The Champions League trophy is manager Jurgen Klopp’s first while in charge of the club and Liverpool’s first since a League Cup triumph in 2012, predating Sturridge’s arrival by a year.
Sturridge admitted that there were times when he wondered whether he would ever win silverware at Anfield, but he believes that Madrid could well prove to be a watershed moment in Klopp’s tenure and the club’s history.
“Once you win one, you hope the floodgates open and you continue winning. It’s that culture of getting over the finishing line,” he said.
“I’m just thinking the most difficult thing is winning a trophy with a manager that you have not won a trophy with before. It’s difficult, it’s not easy. So to be able to won the first trophy and understand ‘we can do it’. This group of players.

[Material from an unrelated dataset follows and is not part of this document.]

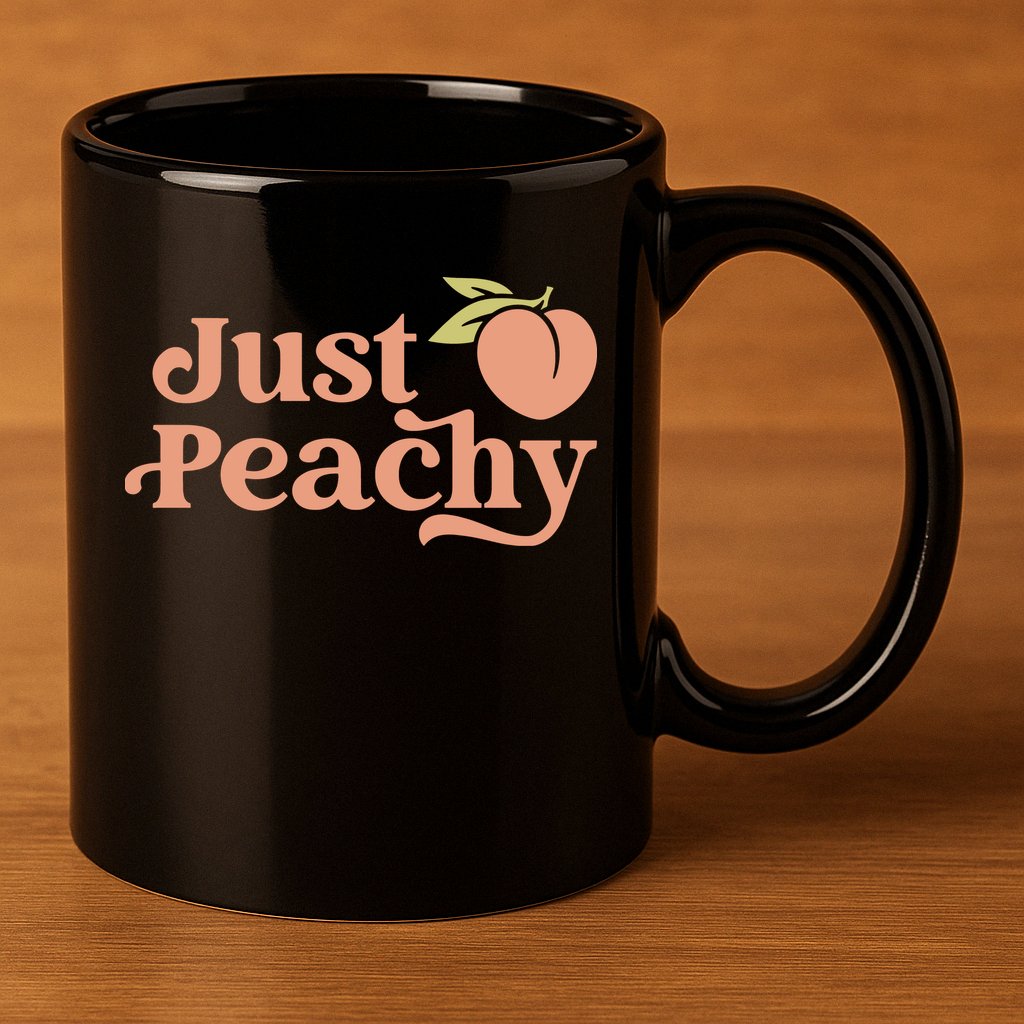Just Peachy Retro 70s Georgia Peaches Summer Fruit 11oz C Handle Ceramic Mug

“There have been so many groups of players who have tried so hard to win something at Liverpool since the last time they lifted a big trophy – it’s been over ten years – so to be to do it... Come on man, we have to say that all the preparation we have done behind the scenes has paid off.”
Sturridge scored yet was on the losing side in Liverpool’s first European final under Klopp – the 2015 Europa League defeat to Sevilla, at St Jakob’s Park in Basel – but he believes that failure has only fuelled him and his team-mates in the years since.

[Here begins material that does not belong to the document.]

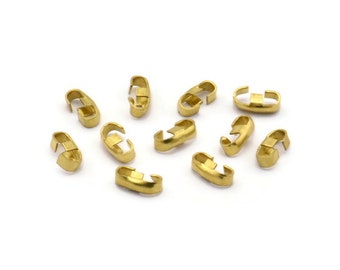 Brass Chain Connector, 50 Raw Brass Chain Connectors, Findings (7x2mm) Brs 530 L013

“The difference is that the heartache never goes away,” he said, harking back to a night when Liverpool went ahead only to lose 3-1. “You always think about it. People were saying: ‘If we win we won’t think about it’ but you do.
“You always think: ‘What if? What could we have done differently, how can we prepare differently?’. There are so many different questions that you ask yourself.
“All the things when you lost, you take them into a game because you’ve learnt from them: all the pain, all the heartache you had prior to that. And when you come into a game like this, you go: ‘OK, cool’. You come in at half time and you talk different.”
Sturridge would not be drawn on the subject of his future, though with wages of around £150,000-a-week and just eight starts this season, his six-year stay at Anfield is all but certainly drawing to a close.
“I don’t even want to talk about all that stuff,” he said. “I feel like it has been an incredible time and I am not going to talk about next season or anything.
“What’s important now is celebrating something so momentous, something we were striving for, working for for a long time. To finally win something is amazing.”